▶ **Work item**
Your output should be everything below from the line containing "create accurate english" down to the line containing "MI license plate DAB8264", both ends included, copied exactly, with pictures left out.

▶ **Provided material**
========================
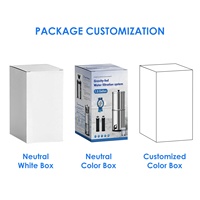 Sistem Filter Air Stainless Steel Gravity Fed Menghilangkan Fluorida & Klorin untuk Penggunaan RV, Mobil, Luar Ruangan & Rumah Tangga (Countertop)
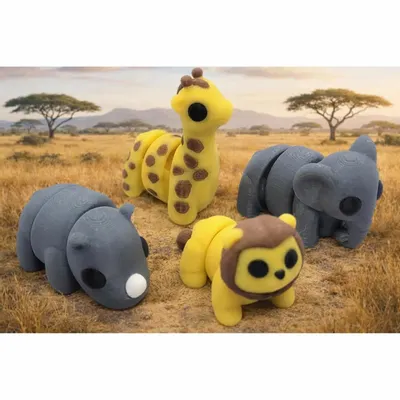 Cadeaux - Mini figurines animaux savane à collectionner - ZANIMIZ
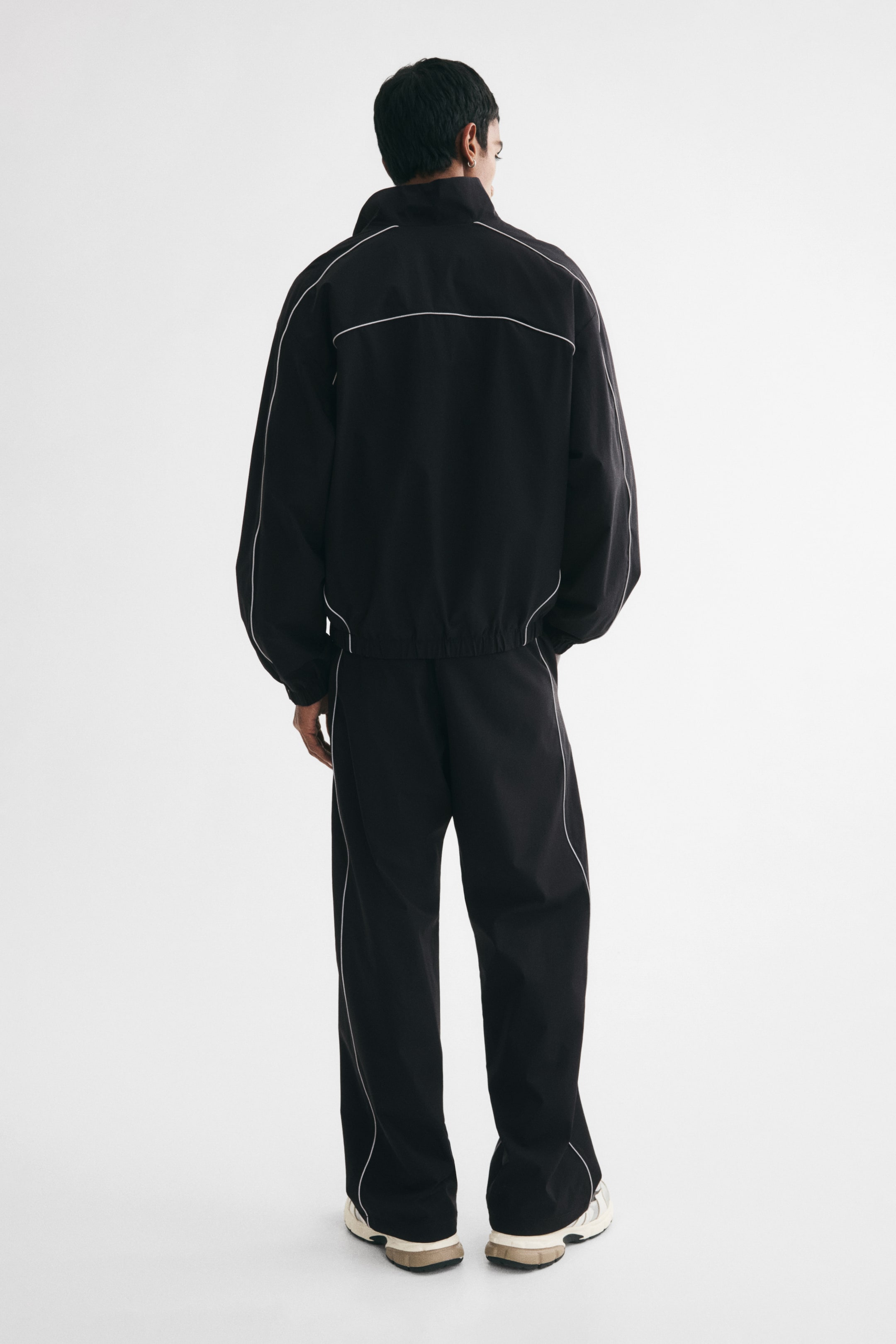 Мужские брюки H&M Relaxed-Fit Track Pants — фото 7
========================
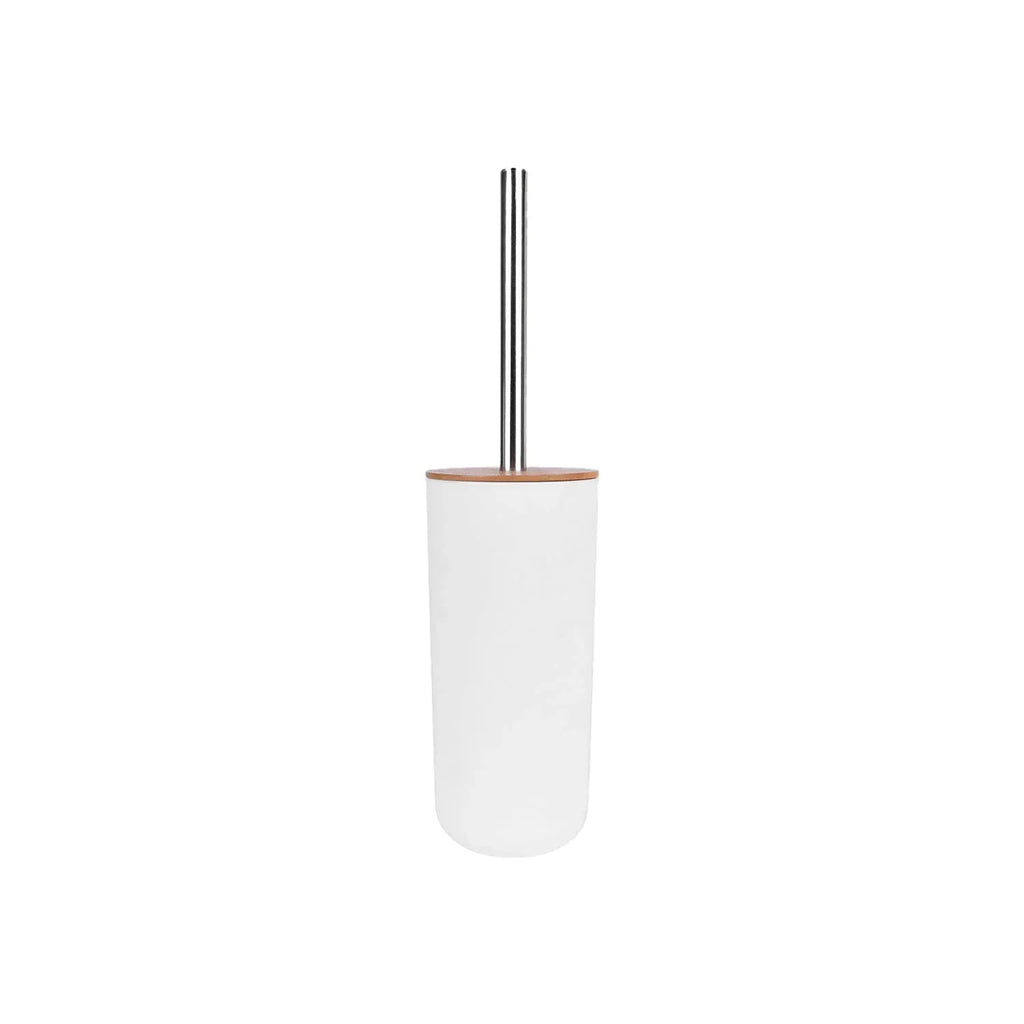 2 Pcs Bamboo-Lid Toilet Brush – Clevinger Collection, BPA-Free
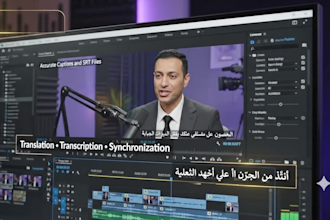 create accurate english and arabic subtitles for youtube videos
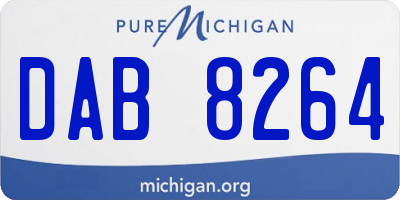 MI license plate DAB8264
========================
▶ **Response to the exercise**
 create accurate english and arabic subtitles for youtube videos
 MI license plate DAB8264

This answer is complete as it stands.